Nuclear magnetic resonance (NMR) spectroscopy is a powerful analytical technique for studying molecular structure, dynamics, and chemical bonding. The development of this technique over the past several decades has revolutionized chemical and biological sciences. However, most successful NMR applications to biological systems such as proteins and nucleic acids are primarily based on detection of atomic nuclei with a nuclear spin quantum number of 1/2 such as H-1, C-13, and N-15. On the other hand, the oxygen element, being one of the most abundant in organic and biological molecules, has not yet been readily accessible by NMR spectroscopy. This is mainly because the only NMR-active oxygen isotope, O-17, has a nuclear spin quantum number of 5/2, known as a quadrupolar nucleus. Unlike commonly used spin-1/2 nuclei, quadrupolar nuclei are notoriously difficult to study by NMR because they often give rise to very broad NMR signals. As a result, O-17 is very often considered to be "NMR invisible" especially in the context of biological macromolecules. Our recent work has solved this challenging problem. We have developed new NMR methods that allow detection of high resolution O-17 NMR spectra for biological macromolecules both in the solid state and in aqueous solution. This new O-17 NMR approach, being complementary to the existing H-1, C-13, and N-15 NMR methods, can yield unique information about molecular interactions. The primary objective of our proposed research program is to apply these new O-17 NMR methods to several important biological systems. In particular, we will study ligand binding to heme proteins and to detect enzymatic reaction intermediates related to serine protease catalysis. The ultimate goal of our research program is to make all major elements (H, C, N, and O) found in biological molecules equally accessible by NMR spectroscopy. We hope that by demonstrating the power of O-17 NMR in solving important biological problems, more researchers will consider to use this method for solving their own research problems. It is anticipated that, in the next 5 years, a total of 20 HQPs (4 PhD, 6 MSc, and 10 BSc students) will be trained in this research program.

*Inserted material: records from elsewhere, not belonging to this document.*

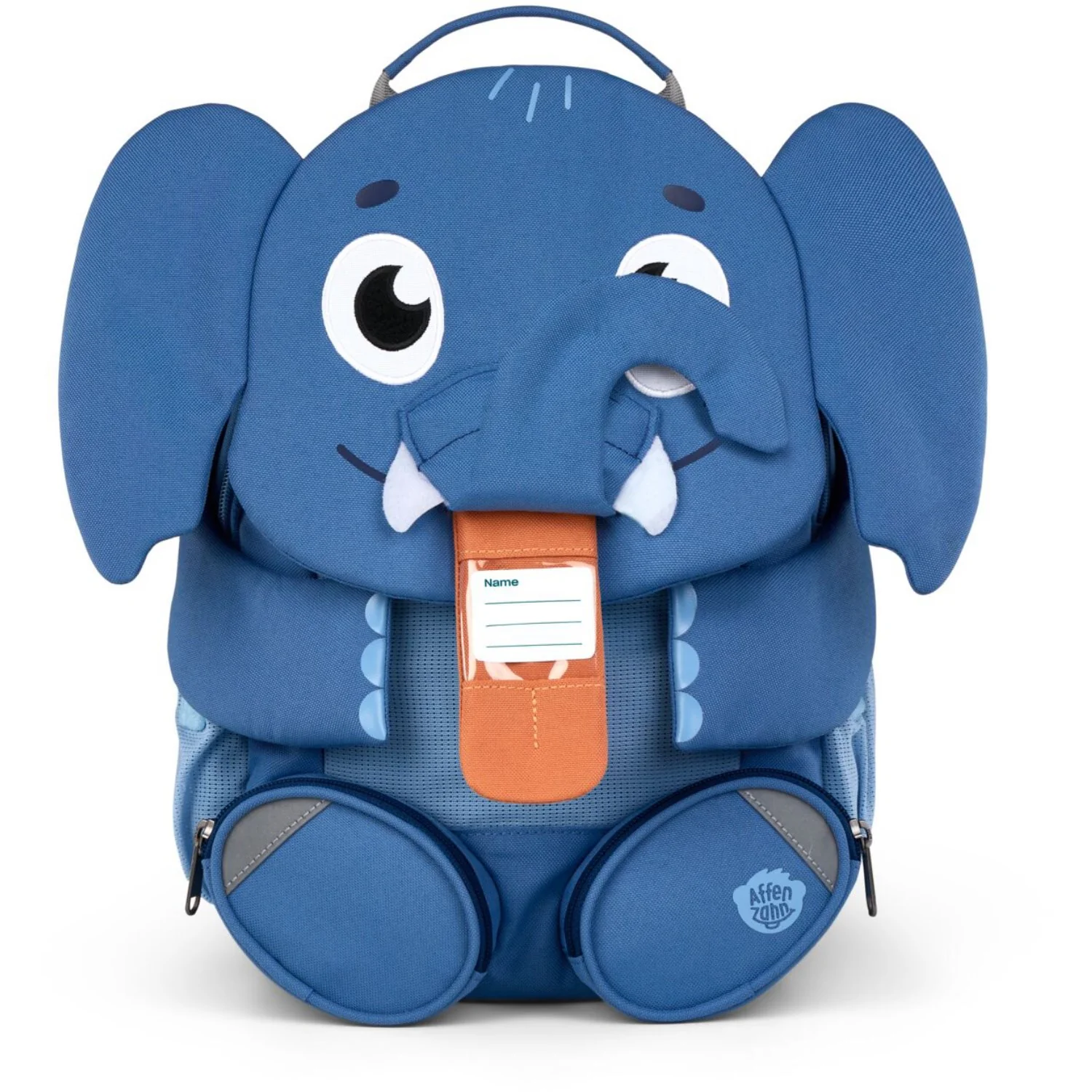 Affenzahn Elephant Large Friend Backpack - Image 5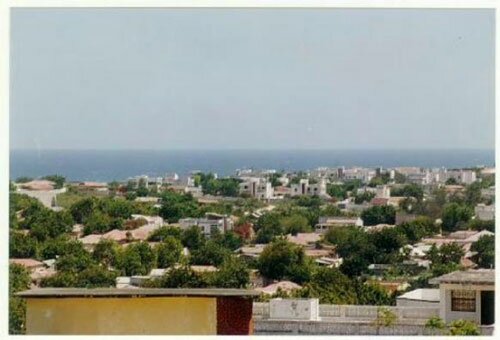 kismayo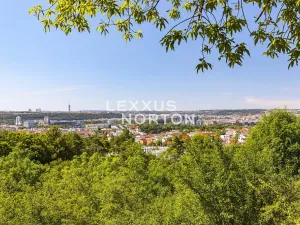 Prodej bytu 4+kk, Praha - Libeň, Zenklova, 112 m2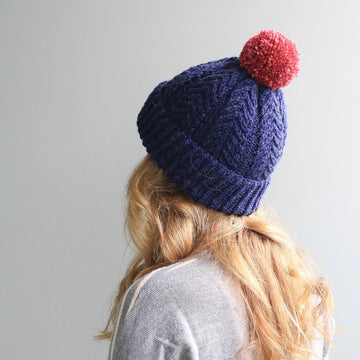 Fern Hat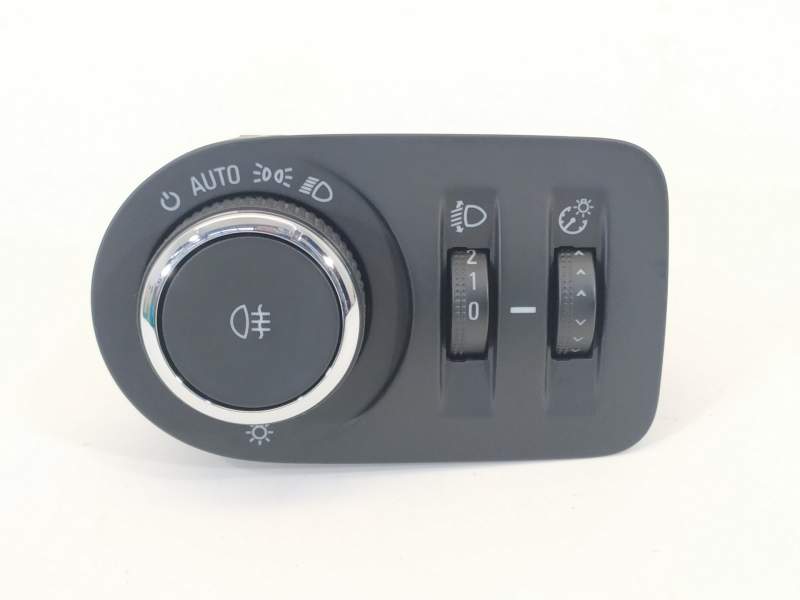MANDO LUCES 13294816 251694 
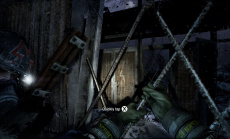 Metro Redux - Screenshots DLH.Net Review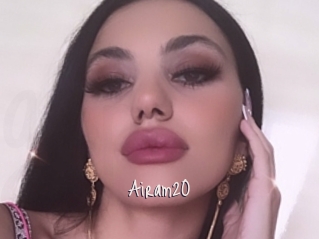 Airam20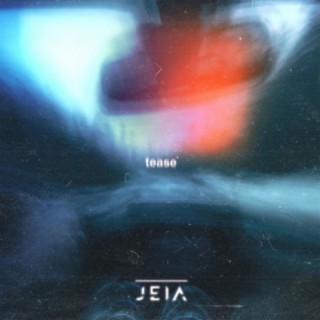 Tease cover art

核磁共振（NMR）光谱是研究分子结构、动力学和化学键合的强大分析技术。这项技术在过去几十年的发展已经彻底改变了化学和生物科学。然而，大多数成功的NMR应用于生物系统，如蛋白质和核酸，主要是基于检测原子核的自旋量子数为1/2，如H-1，C-13和N-15。另一方面，氧元素是有机和生物分子中含量最丰富的元素之一，目前还不能通过核磁共振波谱法容易地获得。这主要是因为唯一的核磁共振活性氧同位素O-17的核自旋量子数为5/2，被称为四极核。与通常使用的自旋1/2核不同，四极核非常难以通过NMR进行研究，因为它们通常会产生非常宽的NMR信号。因此，O-17通常被认为是“NMR不可见的”，特别是在生物大分子的背景下。我们最近的工作解决了这个具有挑战性的问题。我们已经开发了新的NMR方法，允许检测高分辨率的O-17 NMR光谱的生物大分子在固态和水溶液中。这种新的O-17 NMR方法是对现有H-1、C-13和N-15 NMR方法的补充，可以产生关于分子相互作用的独特信息。我们提出的研究计划的主要目标是将这些新的O-17 NMR方法应用于几个重要的生物系统。特别是，我们将研究配体结合血红素蛋白和检测丝氨酸蛋白酶催化相关的酶反应中间体。我们的研究计划的最终目标是使生物分子中发现的所有主要元素（H，C，N和O）都能通过NMR光谱法获得。我们希望通过展示O-17 NMR在解决重要生物学问题中的力量，更多的研究人员将考虑使用这种方法来解决自己的研究问题。预计在未来5年内，共有20名HQP（4名博士，6名硕士和10名学士学生）将在该研究计划中接受培训。